Along with collective identity comes the dangerous concept of pride. People are proud of their ancestors. People are proud of the “national” war veterans. People are proud of poets, innovators, sportsmen whom their “nation has bred”.  As if they had anything to do with them in the first place! People are even proud to be human beings, and if they don’t ever think of it this way, though some do, they certainly act as if they had actually done something right to deserve this and treat everything else as if it was there to serve their purposes. Because somebody had enough innovative thinking to compose a functioning gun we feel we have the right to use it. Because we are more “intelligent” than the non-human animals and can easily learn how to manage a herd (not realizing more intelligent and more manipulative members of our own species are doing the same to us) we think we have the right to exploit them as we wish. But send a human out there into the wild to tame a tiger without guns and electric prods and other weapons which have been made available to us, even though the individual – you, I – can’t take any credit for it, and see who’ll be dancing in the central arena while the audience claps and wants its bit. Vanity of vanities, said the Preacher, all is vanity. We must remember that it was only a while ago that human slavery was abolished. And that it took another long while still to give “black” people human rights, even though those who denied them knew all along they were humans (come on, they must have known…). All this in this beautifully civil world of ours while important literature was/is being written and a lot of paper wasted for philosophical thought. Two of the prides of humanity, along with gunpowder and growth hormones, essential these days in your protein intake. Racism and speciesism are an extension of nations, cultures, groups – everything that helps an individual to crash aloneness, everything that takes their fragility away, even if only superficially (for we all know deep inside we will always be alone), including religions and their aggressive attempts to distract the masses, and the individual, from the world they are shaping. Religions with their sacrifices, expected and delivered.

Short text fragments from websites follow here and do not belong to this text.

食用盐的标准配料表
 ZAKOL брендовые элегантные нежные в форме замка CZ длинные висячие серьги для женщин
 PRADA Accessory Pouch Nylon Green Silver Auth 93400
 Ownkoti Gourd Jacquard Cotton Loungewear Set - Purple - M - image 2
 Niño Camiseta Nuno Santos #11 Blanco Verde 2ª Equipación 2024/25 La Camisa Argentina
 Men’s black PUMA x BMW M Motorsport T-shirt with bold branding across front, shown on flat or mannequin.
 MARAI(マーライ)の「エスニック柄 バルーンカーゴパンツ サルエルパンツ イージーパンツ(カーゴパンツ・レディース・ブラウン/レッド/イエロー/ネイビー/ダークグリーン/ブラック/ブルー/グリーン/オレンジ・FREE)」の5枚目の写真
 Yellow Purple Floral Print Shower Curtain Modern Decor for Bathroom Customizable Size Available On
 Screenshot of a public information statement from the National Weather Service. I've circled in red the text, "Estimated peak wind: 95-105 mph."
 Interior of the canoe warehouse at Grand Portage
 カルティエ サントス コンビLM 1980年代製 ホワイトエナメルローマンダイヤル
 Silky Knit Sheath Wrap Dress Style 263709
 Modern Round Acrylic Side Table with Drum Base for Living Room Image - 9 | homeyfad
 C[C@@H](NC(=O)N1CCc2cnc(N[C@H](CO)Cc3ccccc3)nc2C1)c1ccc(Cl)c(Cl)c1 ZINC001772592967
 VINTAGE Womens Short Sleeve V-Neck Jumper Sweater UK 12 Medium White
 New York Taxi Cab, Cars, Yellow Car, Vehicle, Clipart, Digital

That is why veganism is frightening. It pulls the individual out of the masses: it doesn’t make promises, and you won’t receive an honorary medal from the animal kingdom. But what unsettles people most, as far as I can tell from conversations I have had with them, is the fear of being degraded to the level of an animal. They just don’t seem to understand that it is all about upgrading the animals, human or not, giving them nothing more than the freedom we all – you, I – want for ourselves. 

 

 

NOTES


1 From Jesus, fish killer, walks on water, charcoal drawing by Stephen Kinsella.
2 The way he recently lost face by publishing a book of heterosexual love poems. The bastard! Daring to degrade a woman to a muse! Hey, grow up girls, the lyrical subject is allowed to fuck whoever it wants, ok?!